- Description of the task -
Once you find the line with "古玩陶瓷清末民初 德化窯貼塑" in the data that follows, repeat it and every line after it exactly, through the line with "400 - A George".

- Input records -
=-=-=

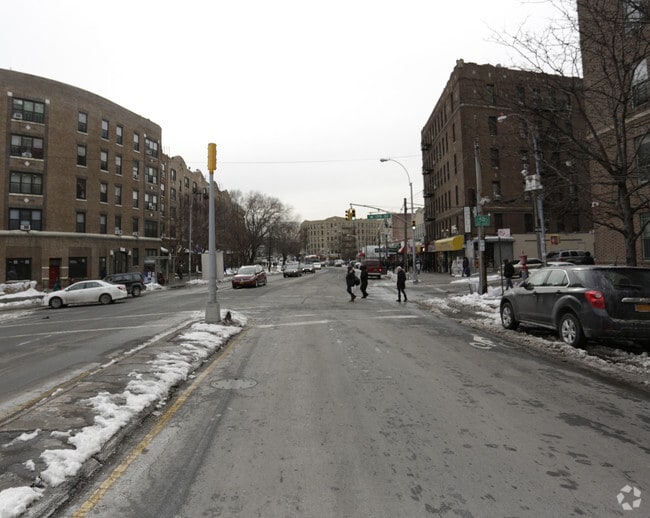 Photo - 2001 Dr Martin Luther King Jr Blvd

=-=-=

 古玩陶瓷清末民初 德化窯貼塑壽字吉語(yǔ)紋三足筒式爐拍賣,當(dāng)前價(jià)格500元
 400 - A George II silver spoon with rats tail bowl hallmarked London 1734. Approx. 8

=-=-=

- Output for this task -
 古玩陶瓷清末民初 德化窯貼塑壽字吉語(yǔ)紋三足筒式爐拍賣,當(dāng)前價(jià)格500元
 400 - A George II silver spoon with rats tail bowl hallmarked London 1734. Approx. 8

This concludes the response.